Satu lembar ia sudah habiskan. Kini jemari lentiknya membalik kembali lembaran berikutnya.

Ia buka bab selanjutnya yang begitu menarik perhatian Haru. Namun sayang sekali karena lembaran dibagian tersebut telah robek sebagian.

"Pernikahan dengan vampir . . ." gumam Haru membaca judul bab.

Karena rasa penasarannya sebab tak bisa membaca kelanjutannya, membuat rasa kantuk Haru perlahan tiba. Pemuda manis itu menguap lebar sebelum memilih menjatuhkan kepalanya di atas buku tebal yang sudah ia tutup.

Memilih untuk tidur disana karena Haru rasanya sudah tidak kuat hanya untuk berjalan menuju kamarnya. Pemuda manis itu tertidur pulas dengan wajah yang nampak damai.

Sedang sedari tadi, sejak awal ia masuk kedalam perpustakaan ini. Diam-diam seorang pria dengan mata onyx terus memperhatikan gerak geriknya.

Lee Jillian— dengan kemampuannya untuk menghilangkan diri memilih menemani Haru dengan tidak menampakkan dirinya. Ia dekati pemuda bersurai pink itu, memilih untuk duduk di sampingnya. Ia perhatikan wajah seputih susu, bulu mata lentik serta bibir ceri milik Haru. Yang berhasil membuatnya terpana dalam sekejap.
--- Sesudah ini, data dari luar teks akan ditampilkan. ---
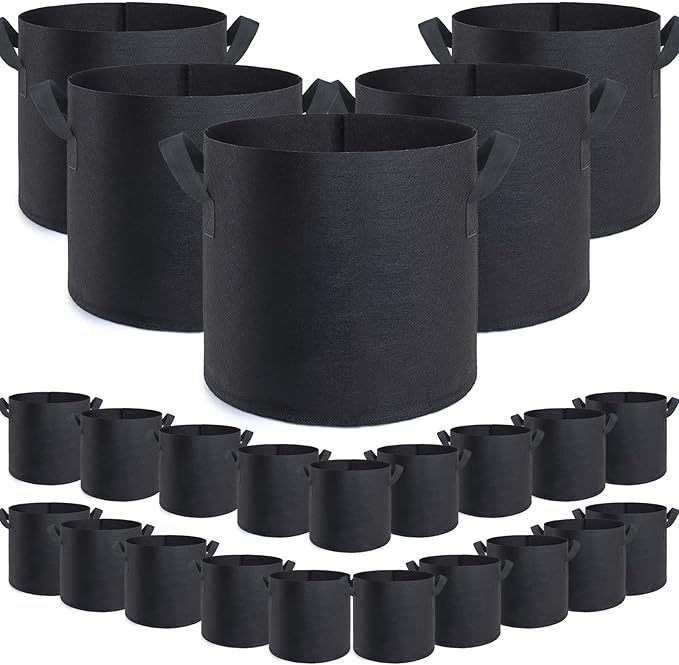 GROWTNT 7 Gallon Grow Bags 24 Pack, 7 Gallon Fabric Pots, Garden Bags to Grow by GROWTNTLLC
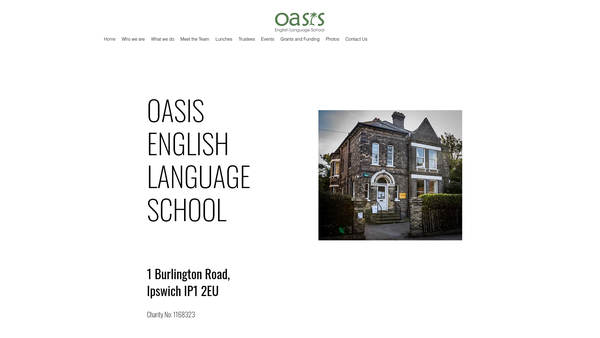Screenshot of the Oasis English Language School website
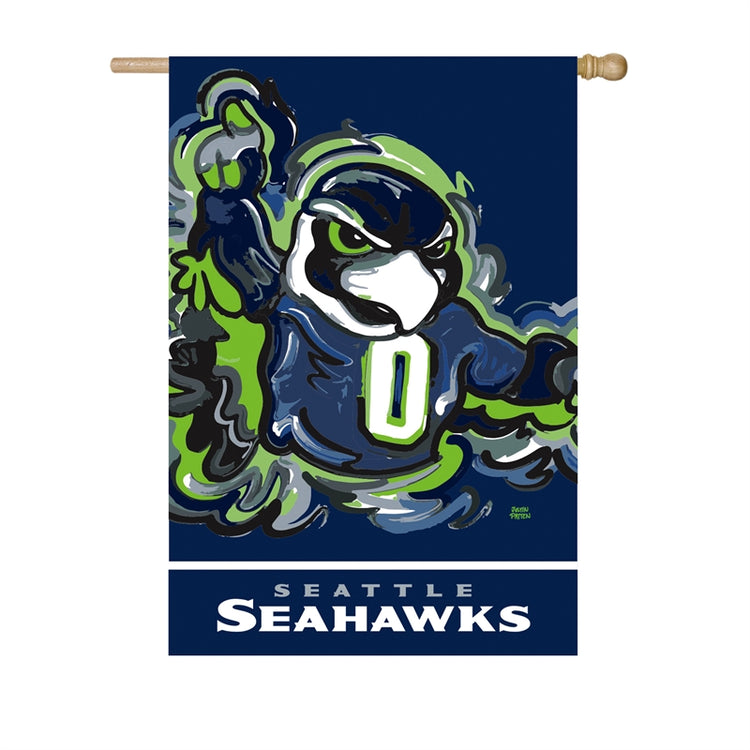 Seattle Seahawks Painted Mascot House Flag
Ia bahkan terkekeh ringan kala erangan kecil keluar dari bibir Haru. Netranya tidak berpindah dari pemandangan indah didepanya. Bagaimana sinar lentera menghiasi wajah itu, membuat Jill merasakan perasaan aneh dalam dirinya yang ia rasa salah.

***

Keesokan harinya, entah bagaimana kini Haru terbangun di atas ranjangnya. Seperti orang linglung— pemuda manis itu terdiam cukup lama. Ia tidak tahu jika semalam seseorang telah memindahkannya ke kamar, bahkan sekarang ia tidak ingat jika semalam ia sempat tertidur di perpustakaan.

Sibuk melamun, rupanya Haru tidak menyadari jika sekarang jarum jam sudah pukul tujuh lebih lima belas menit yang dimana ia sudah benar-benar terlambat.
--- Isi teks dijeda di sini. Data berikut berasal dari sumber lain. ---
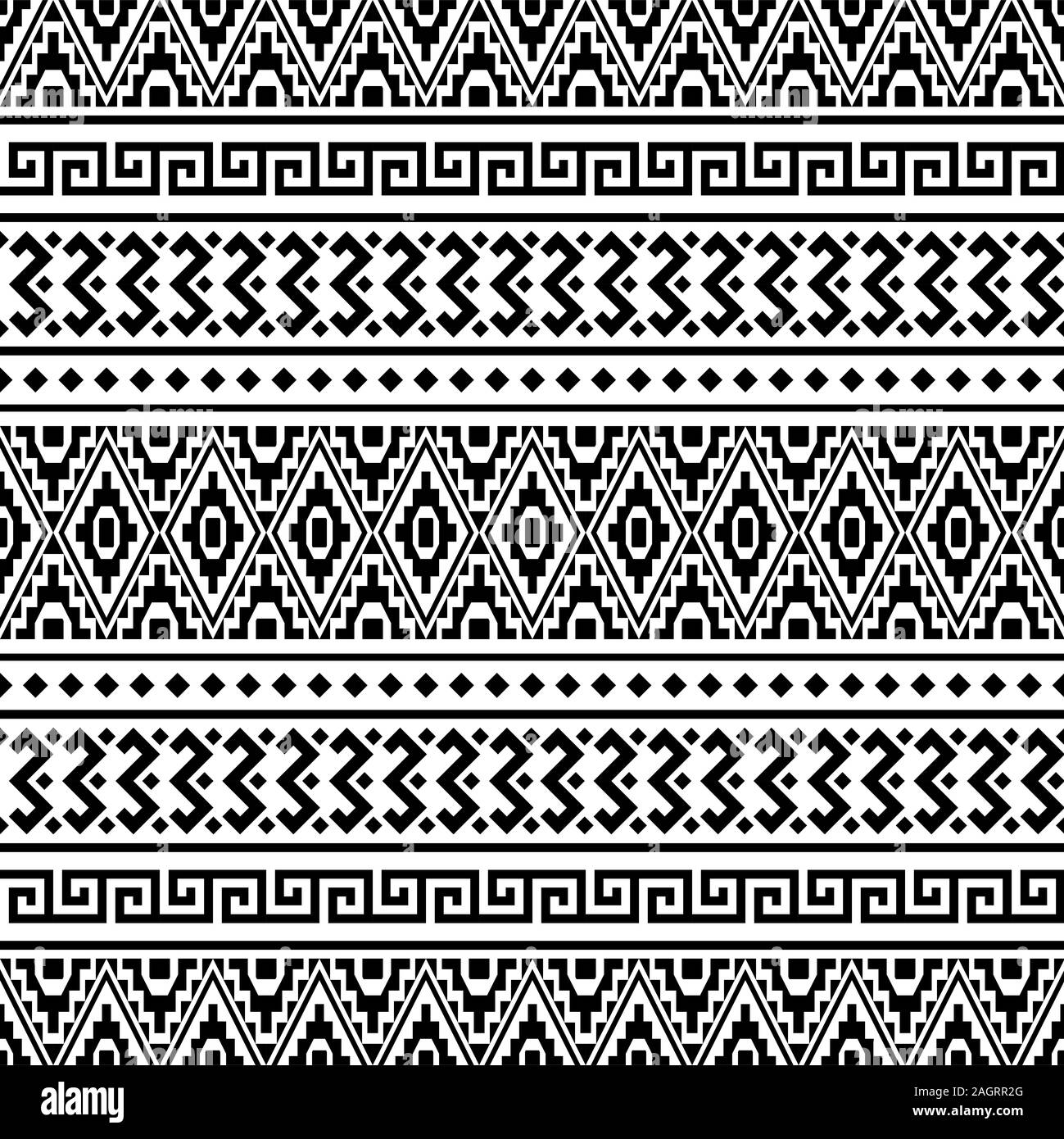 Seamless ethnic pattern vector in black and white color Stock Photo - Alamy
"Astaga! aku terlambat!" buru-buru ia turun dari ranjang dan bergegas ke kamar mandi.

Dilantai bawah, kedua orang sudah duduk di meja makan sembari menunggu Haru yang tak kunjung turun.

"Tumben sekali nona Haru belum menampakkan diri." ucap Akito heran.

"Ini sudah pukul tujuh lebih tuan muda, seharusnya nona Haru pergi ke sekolah."

Jill yang duduk dihadapan Akito menolehkan kepala ke arah tangga, memastikan jika Haru sudah berjalan turun.

"Saya akan memeriksanya ke atas." pamit Akito pada Jillian.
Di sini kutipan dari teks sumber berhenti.